▶ Work instructions
Quote word for word the lines starting at the line with "Belkin Boostcharge Smartphone, Tablette" and ending at the final line of the entries. Leave out any pictures.

Items from a dataset:
+ + + +
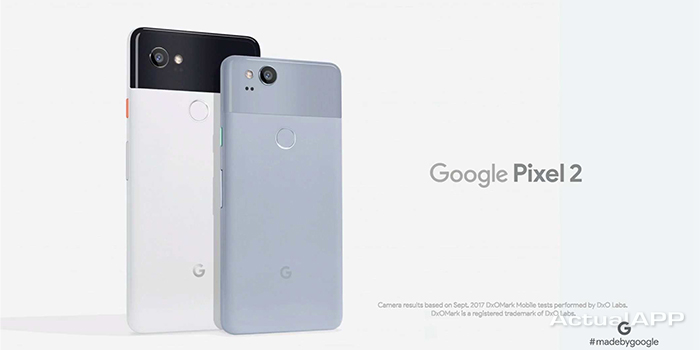 Google Pixel 2 XL y Pixel 2 son oficiales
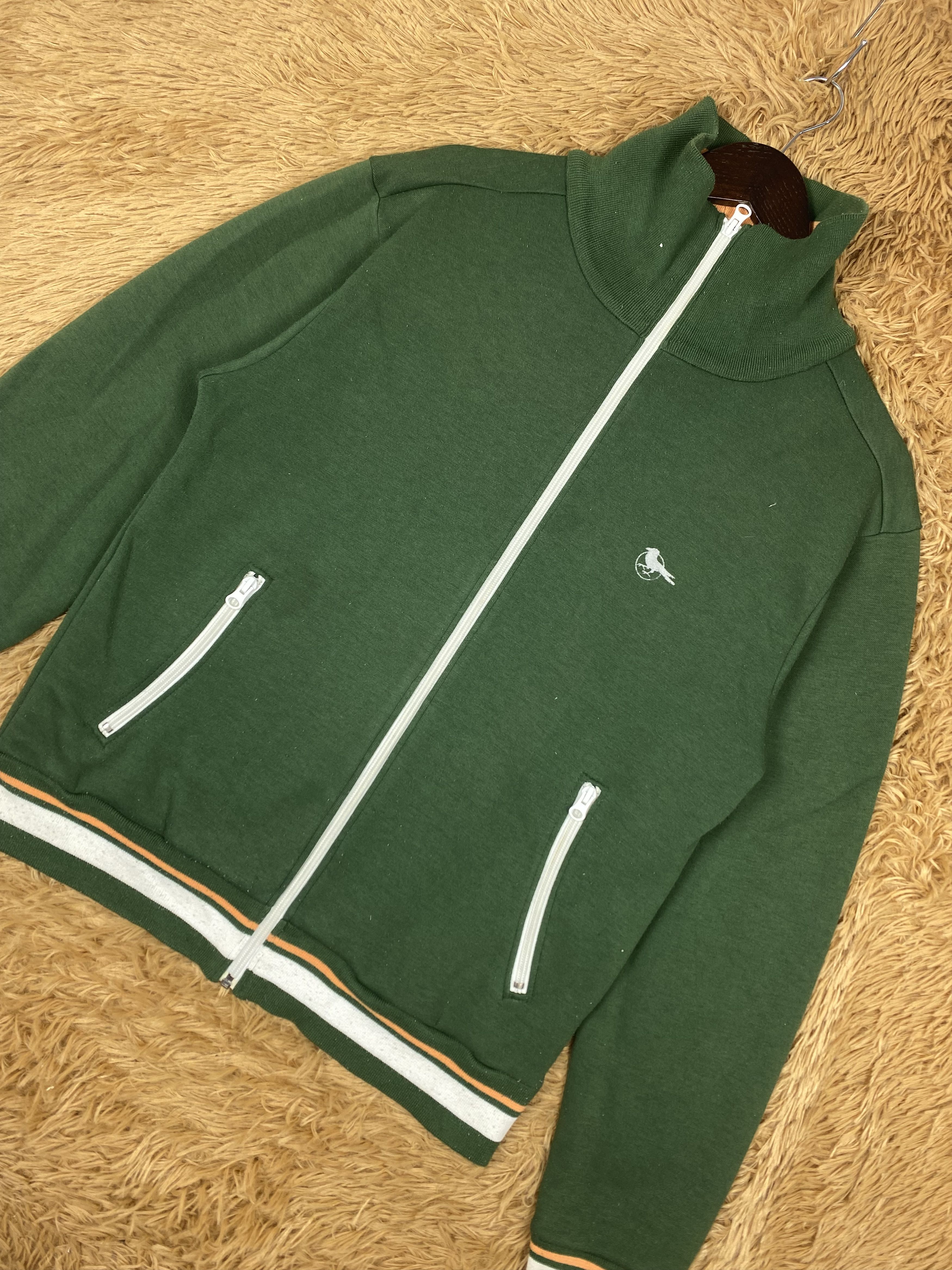 Modern Amusement Vintage Modern Amusement Track Top Jacket DJ0831 Size US L / EU 52-54 / 3 - 2 Thumbnail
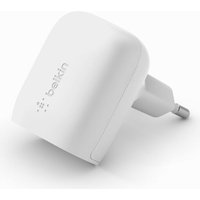 Belkin Boostcharge Smartphone, Tablette Blanc Secteur Charge Rapide Intérieure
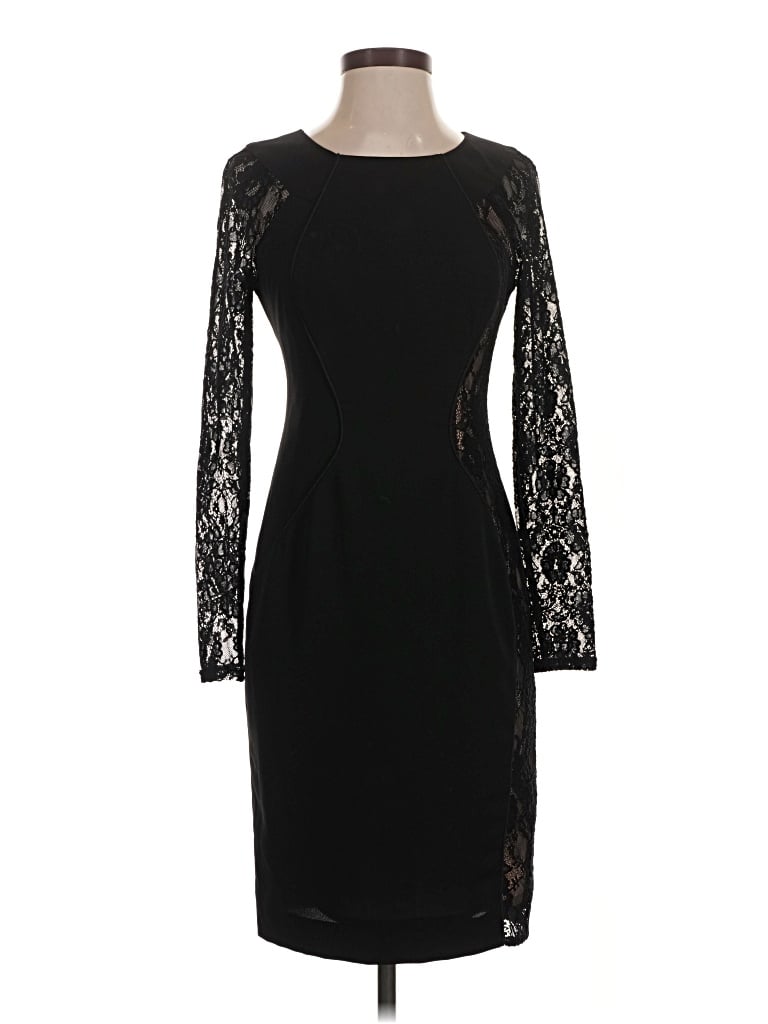 Pre-owned Coast Cocktail Dress In Black
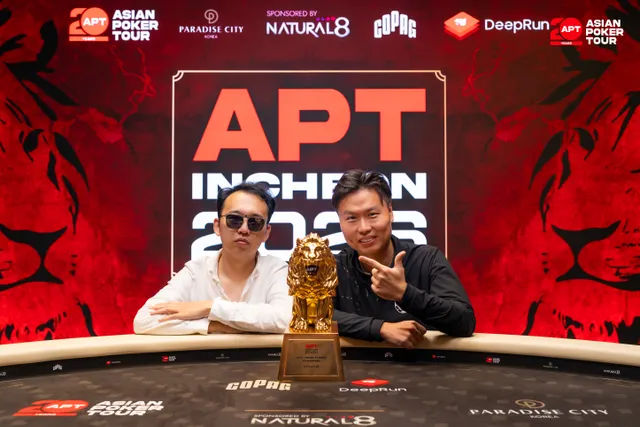 APT Incheon 2026, Shoumin Zhang, San Hon Pang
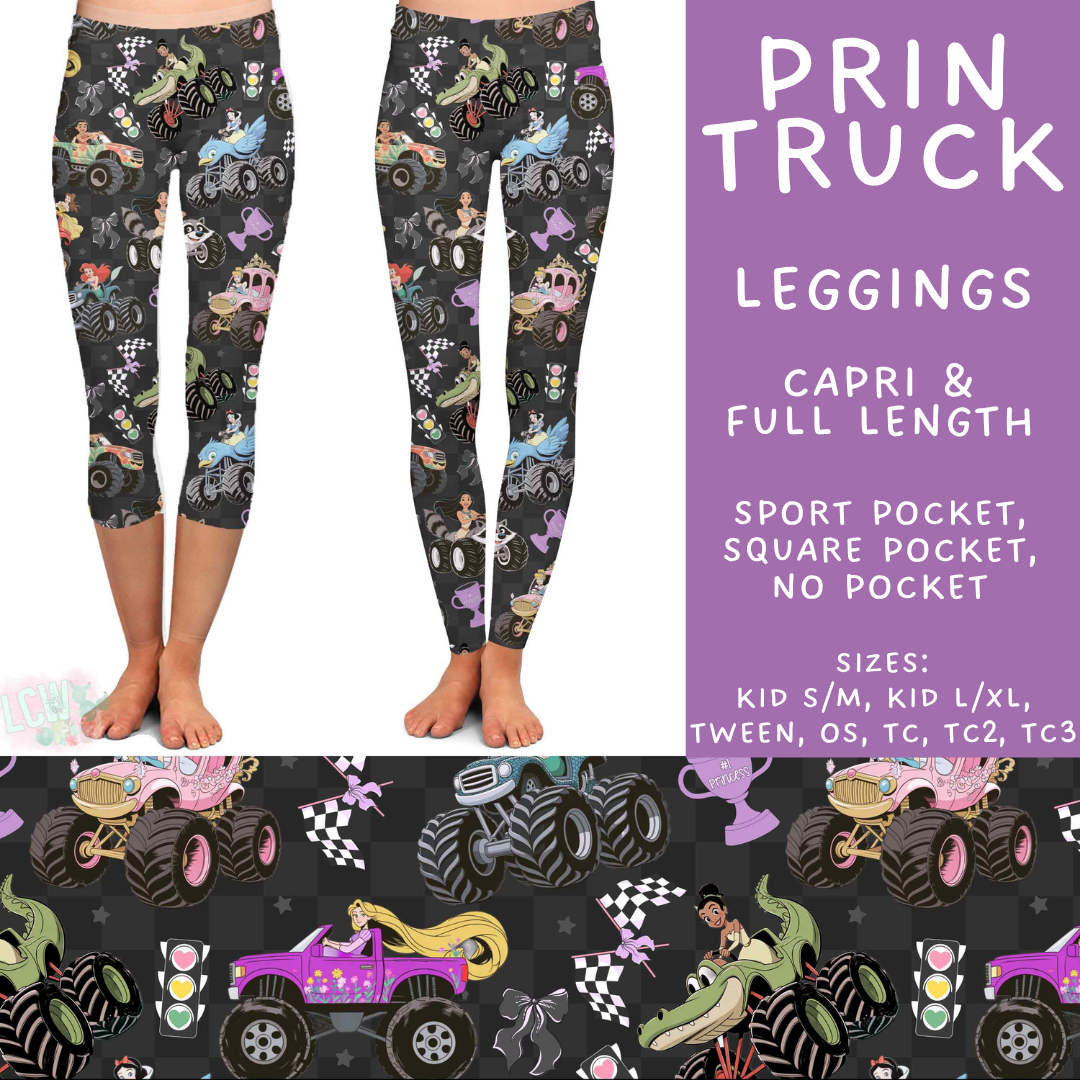 Batch #552 - Magical Faves 22 - Closes 7/6 - ETA early Sept - Prin Truck Full and Capri Length Leggings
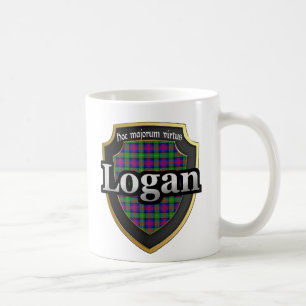 Caneca De Café Clan Logan Scottish Dynasty Tartan Mugs Cups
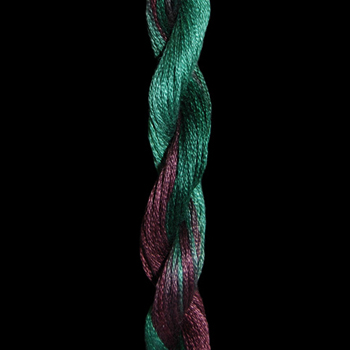 Threadworx Overdyed Floss 1084 Black Forest (Replaces 151 Yuletide) MAIN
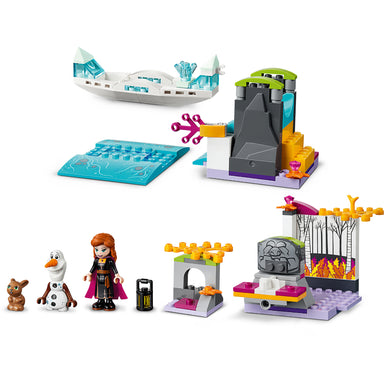 LEGO® Disney Frozen II Expedición en la Canoa de Anna (41165)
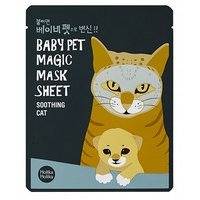 Holika Holika Kasvonaamio Baby Pet Magic Mask Sheet (22mL) Cat, Holika Holika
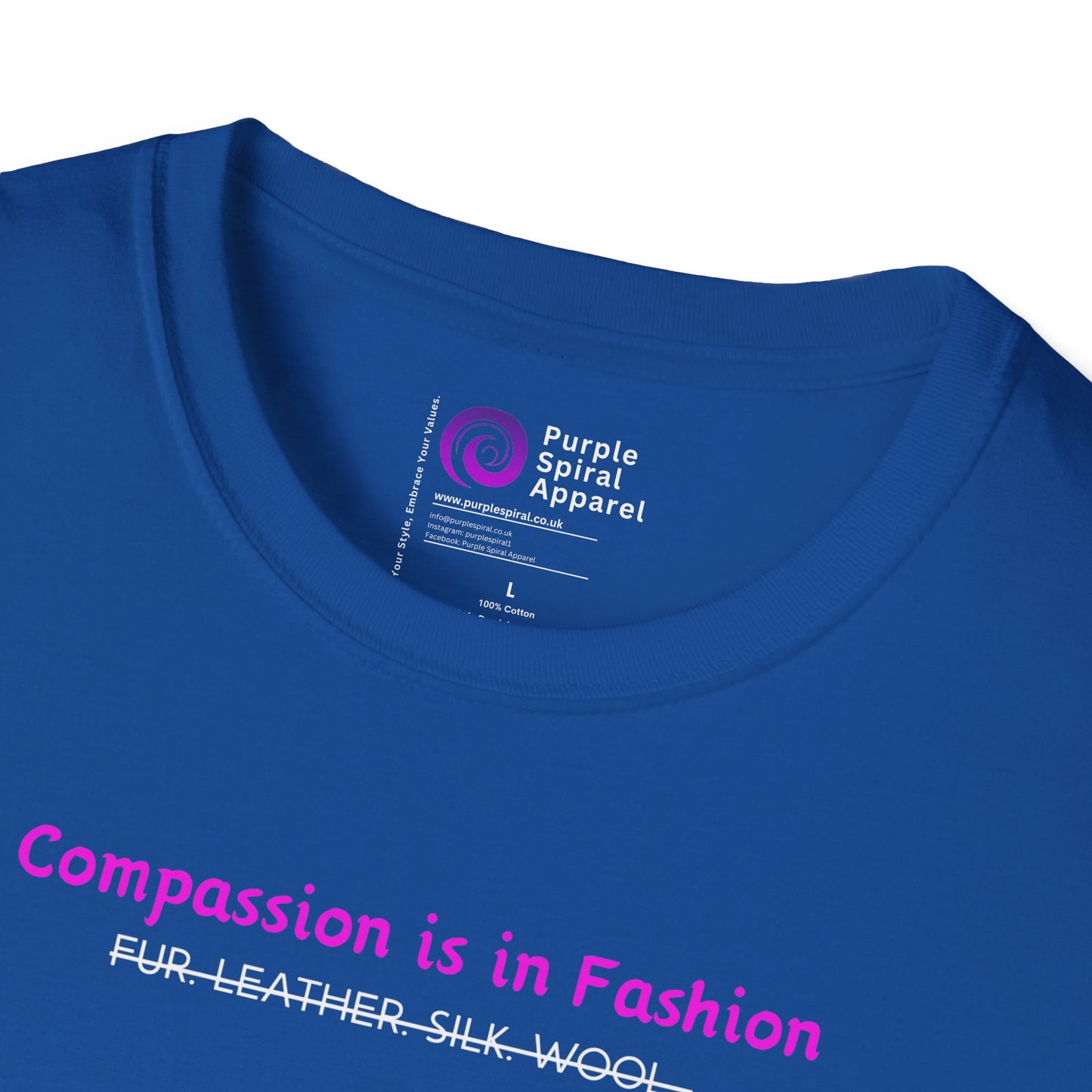 Compassion Is In Fashion Shirt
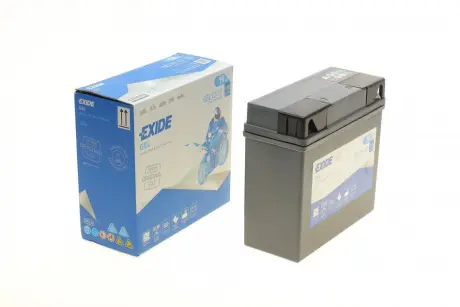 Акумулятор GEL [12B] 19 Ah| 185x80x170 (ДхШхВ) CCA 170 EXIDE GEL12-19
+ + + +
▶ Result of the task
 Belkin Boostcharge Smartphone, Tablette Blanc Secteur Charge Rapide Intérieure
 Pre-owned Coast Cocktail Dress In Black
 APT Incheon 2026, Shoumin Zhang, San Hon Pang
 Batch #552 - Magical Faves 22 - Closes 7/6 - ETA early Sept - Prin Truck Full and Capri Length Leggings
 Caneca De Café Clan Logan Scottish Dynasty Tartan Mugs Cups
 Threadworx Overdyed Floss 1084 Black Forest (Replaces 151 Yuletide) MAIN
 LEGO® Disney Frozen II Expedición en la Canoa de Anna (41165)
 Holika Holika Kasvonaamio Baby Pet Magic Mask Sheet (22mL) Cat, Holika Holika
 Compassion Is In Fashion Shirt
 Акумулятор GEL [12B] 19 Ah| 185x80x170 (ДхШхВ) CCA 170 EXIDE GEL12-19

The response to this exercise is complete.